Clipboard corrupted on systems with default English codepage
#1
stasok
Posted 15 June 2012 - 04:33 PM
I have Autohotkey_L (Unicode 64-bit installation option) installed on my test production system (Win 7 64-bit). The test production system has English as the language of the default system codepage. I use the code below to paste text without any formatting (borrowed from Laszlo) to discard all clipboard formats except Unicode text, paste the text and then restore the original clipboard:
Clip0 = %ClipBoardAll%
ClipBoard = %ClipBoard% ; Convert to text
SendInput ^{vk56} ; Send Ctrl+V to window
; Don't change clipboard while it is pasted!
Sleep 100
ClipBoard = %Clip0% ; Restore original ClipBoard
VarSetCapacity(Clip0, 0) ; Free memory
If I copy Russian text to the clipboard and use the code, it works fine when the system code page is Russian. However, if the system code page is English (on my test production system), the first paste attempt works fine, but all subsequent paste attempts paste ???? instead of Russian characters. English letters are unchanged. Because I am using Autohotkey_L Unicode 64-bit, there should not be any problems with Unicode to ANSI conversion. However, I believe that the assignment ClipBoard = %Clip0% actually performs conversion using the system code page, otherwise the problem would not occur.
I've checked ErrorLevel after the assignment line and it is 0. The code works similarly on my colleagues' computers with default English code page.

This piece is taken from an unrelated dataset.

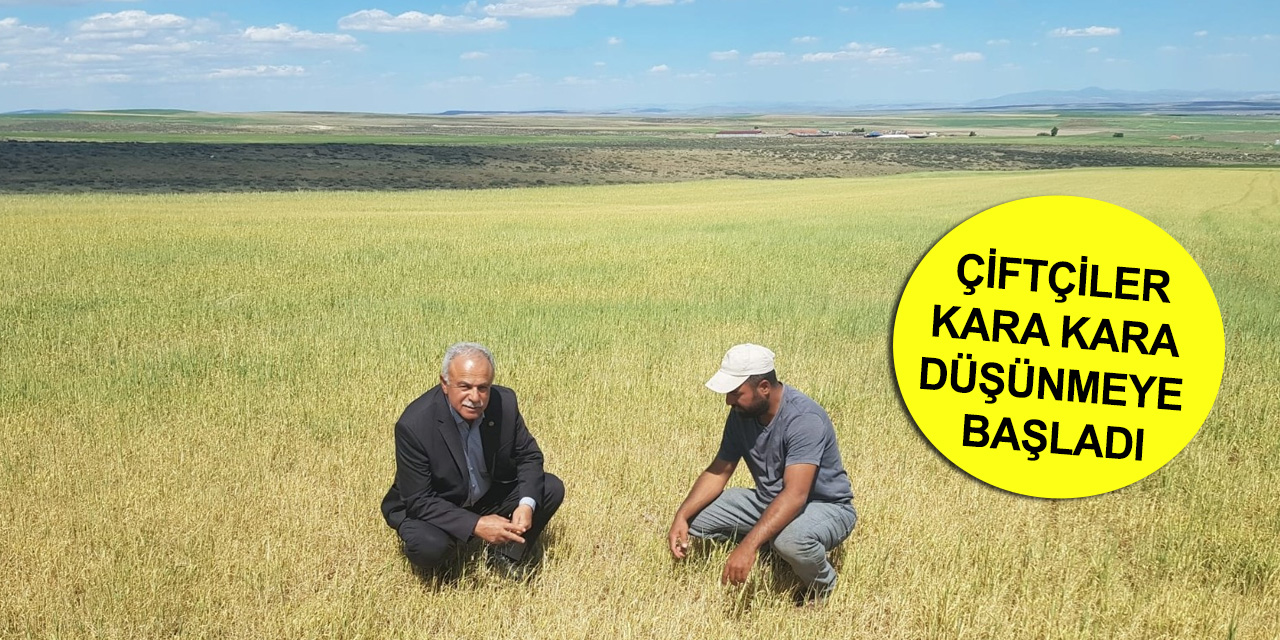Konya'da kuraklık ekili alanları vurdu!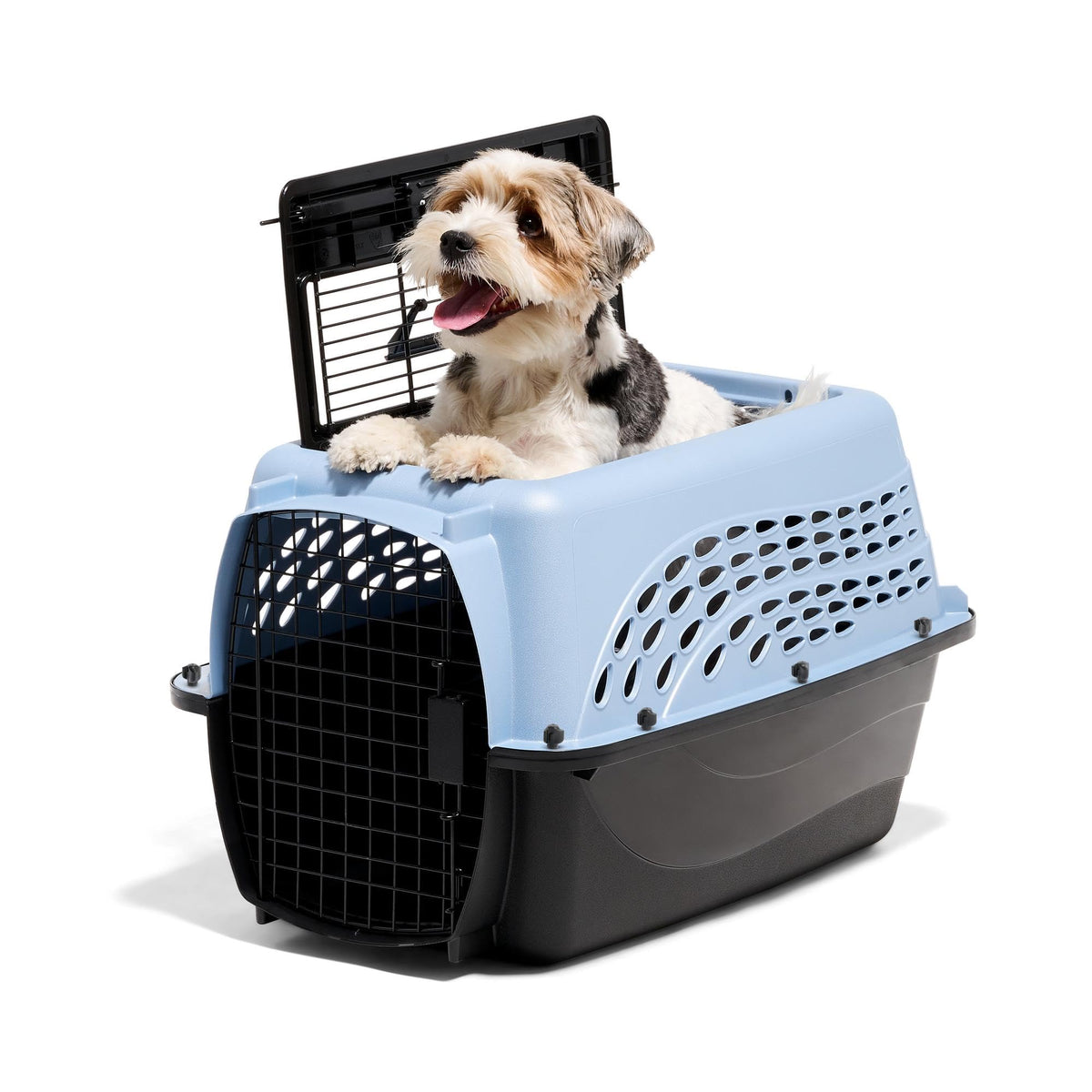 Petmate Two Door Plastic Pet Kennel for Small Dogs and Cats, 24in, Blue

Does anyone have any idea what is happening? I would appreciate any help,
Thanks!
Stanislav
#2
stasok
Posted 15 June 2012 - 05:05 PM
I have checked the clipboard contents with Freeclipviewer before and after using the above code. After the assignment of Clip0 to Clipboard variable, the number of clipboard formats (originally 20 after copying text in Word) drops down to 12 and the Unicode text format changes. HTML, Richtext, metafile and other clipboard formats are okay.
Regards,
Stanislav
#3
stasok
Posted 15 June 2012 - 07:51 PM
It seems I have corrected the problem using the Paste method of WinClip class (viewtopic.php?p=498667). However, I think Clipboard restoration in Autohotkey_L does not work as intended and should be changed to something similar as in WinClip class.
Best regards,
Stanislav
#4
Posted 16 June 2012 - 03:52 PM
Clipboard = %Clip0% does not perform any text conversions; it merely copies binary data back onto the clipboard. WinClip appears to work the same way. However, if I'm not mistaken, it discards the CF_TEXT and CF_OEMTEXT formats. ClipboardAll saves the first text format, which may be CF_TEXT, CF_OEMTEXT or CF_UNICODETEXT. It sounds like you're getting (non-Unicode) CF_TEXT, and in the process of saving and restoring it, the locale information is lost.I'll look into this some more later.
#5
Posted 17 June 2012 - 01:15 AM
What I find odd is that the input language is used by default:
Normally, non-Unicode applications use the system default ANSI code page for all strings. While the input language can change at any time, the system code page remains constant and is the same for all applications until the OS restarts (at which time it can change). So I don't know under what circumstances ANSI text copied to the clipboard would actually be in the format defined by the input language rather than the system code page.When you close the clipboard, if it contains CF_TEXT data but no CF_LOCALE data, the system automatically sets the CF_LOCALE format to the current input language.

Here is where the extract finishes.